I was recently arguing with this West Indian guy about that very thing. He was giving it the whole beanie-man kill them thing..When i pointed out to him that the baggy b-boy trousers he was wearing as a fashion statement actually derive their orgin from black male 1930`s Chicago prostitue`s ( in order to facilitate their clients easy entry and exit) he was left speechless....
 
cemertyone said:
When i pointed out to him that the baggy b-boy trousers he was wearing as a fashion statement actually derive their orgin from black male 1930`s Chicago prostitue`s ( in order to facilitate their clients easy entry and exit) he was left speechless....

i would have thought that was more to do with prison style over-sized trousers.
 
cemertyone said:
Some of the most racist homophoblic people i know are from africa...
This is because they are deeply conservative when it comes to homosexuality.
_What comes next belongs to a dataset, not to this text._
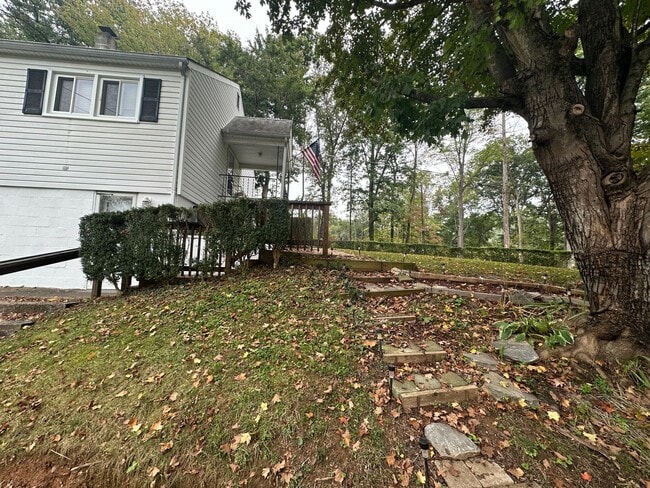 Building Photo - One Level House off Odd Fellows Road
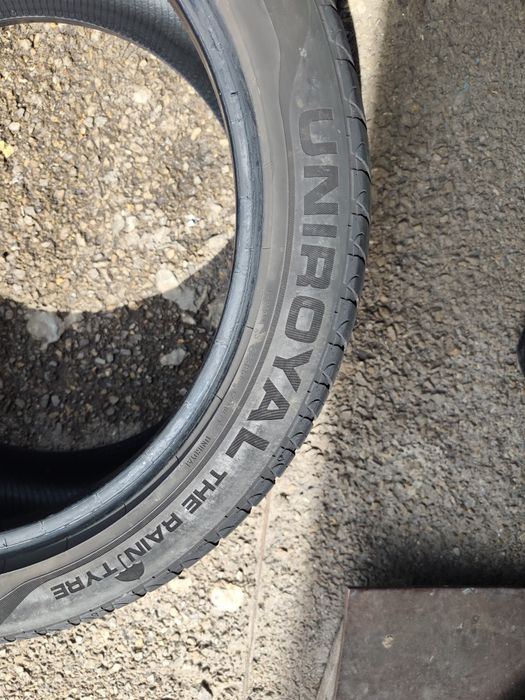 245/40/18" 2бр Uniroyal rain sport 5,dot17г18г,5-6мм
One African friend of mine was so openly gay that his family, after sending him abroad to a school well out of sight of the community, and then forcing him into a mental institution finally disowned him completely. His gayness served him well in the entertainment industry but most Africans treated him like a pariah. Homosexuality is very taboo and treated as a mental aberration. Frantz Fanon saw homosexuality as a product of colonialism and this in fact is the way it is still treated by most Africans today, it's a white mans thing and doesnt belong in African culture and never existed in pre-colonial societies, so the narrative goes.
 
Raisin D'etre said:
Frantz Fanon saw homosexuality as a product of colonialism and this in fact is the way it is still treated by most Africans today, it's a white mans thing and doesnt belong in African culture and never existed in pre-colonial societies, so the narrative goes.

That`s an interesting point....(above) but if my memory serves me well i actually read an article by Thactell not so long ago that argues the opposite...that in fact anti- homosexual attitudes within the West Indian /carribean community where actually introduced into that region with the religious fundamentalism that accompanied colonialism.......
 
cemertyone said:
That`s an interesting point....(above) but if my memory serves me well i actually read an article by Thactell not so long ago that argues the opposite...that in fact anti- homosexual attitudes within the West Indian /carribean community where actually introduced into that region with the religious fundamentalism that accompanied colonialism.......

Yes European missionaries were shocked at the open displays of homosexuality by African communities at the early stages of conversion.
 
Malcolm X: the man behind the myth

There is virtual confirmation of the claim that in his pre-Nation of Islam hustling days, Malcolm Little, as he was, hired himself out as source of sexual gratification for an older white male benefactor. The story is recounted in the autobiography, but there the hustler is a third party called Rudy. Rudy, according to the autobiography, would "be paid to undress them both, then pick up the old man like a baby, lay him on his bed, then stand over him and sprinkle him all over with talcum powder. Rudy said the old man would actually reach his climax from that." Based on "circumstantial but strong evidence, Malcolm was probably describing his own homosexual encounters," Marable says.
 
I've just got The Autobiography of Malcolm X (the Alex Haley one) - or at least I got it for Christmas & am about to start reading it. Is it any good?